Recién licenciado en Filología Románica, Agustín Arquer apareció, allá a comienzos de los sesenta, en el colegio vizcaíno donde yo estudiaba. Venía de Barcelona, en cuya Universidad (sólo había una por entonces en Cataluña) se había titulado. En aquella Facultad de Filosofía y Letras que Pere Gimferrer evoca en sus versos, fue compañero de curso de su gran amigo Eugenio Trías y, ya en la especialidad, de Andrés Amorós y de Francisco Rico, entre otros. Barcelonés y catalanohablante de cuna, me descubrió la poesía de Verdaguer y de Maragall, de Riba y de Carner, de Foix y de Salvat-Papasseit, pero también la literatura española contemporánea, de la que él, por entonces, admiraba en particular a Cela y a Azorín. Era también un gran cinéfilo (y cuñado de Jorge Grau, del que había aprendido mucho). Agustín destacaba especialmente por su hondo sentido de la libertad, algo verdaderamente raro en aquellos años y en aquel medio. Así lo recordamos muchos de quienes fuimos sus alumnos en un centro que reunía gente de lo más variado dentro de un orden: desde Pedro Morenés a Javier Nart, o desde Germán Yanke a Juan María Nin. A Germán y a mí, Agustín nos inició en el periodismo a través del club de prensa que creó y sostuvo durante una larga década y del que salieron varias figuras del periodismo bilbaíno, hoy jubilados o a las puertas de la jubilación.

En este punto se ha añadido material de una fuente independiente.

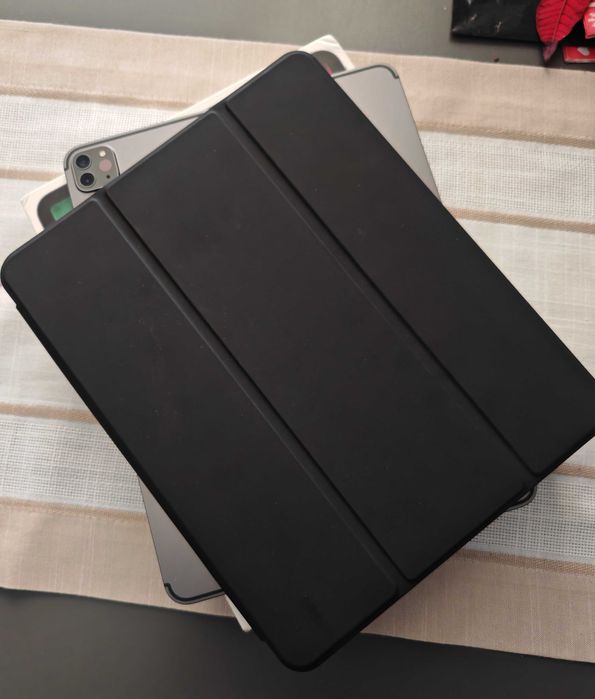 iPad Pro 12,9 inchi (generația a 4-a) Wi‐Fi + Cellular .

Yo creo que, con independencia de la eficacia que siempre demostró Agustín Arquer como enseñante de unas materias escolares concretas, la raíz de su magisterio estuvo siempre en la certeza moral de que la literatura y las humanidades en general no son inútiles, como se sostiene tanto desde un elitismo desconcertado como desde un utilitarismo nivelador y bárbaro, sino absolutamente necesarias para una política fundamentada en la libre expresión y en la deliberación en el ágora. La libertad es la continuación de la literatura por otros medios o quizás a la inversa. No hay libertad civil sin imaginación, es decir, sin lectura, sin interpretación pactada y, a la larga, sin libre examen. Es lo que Agustín intentó enseñar a numerosas promociones de bachilleres, primero en un colegio privado católico y, por qué no decirlo, elitista. Después, durante la mayor parte de su ejercicio profesional, en centros públicos. Se jubiló hace una decada en el Instituto de Chiclana donde tuvo su cátedra, pero enseñó durante muchos años en institutos españoles del exterior: en Marruecos, en Cerdeña y en Lyon. Sus últimos años los pasó trabajando en un libro de comentarios de texto de la literatura española canónica y precanónica (tuvo siempre una intuición extraordinaria para adivinar qué novedades literarias quedarían como verdaderamente importantes). Trabajó en ello hasta el final, a pesar de la amargura y el asco -esa era su palabra, siempre tan precisa- que le produjo la escalada secesionista en su tierra natal. Que la de la patria suya y mía le sea leve.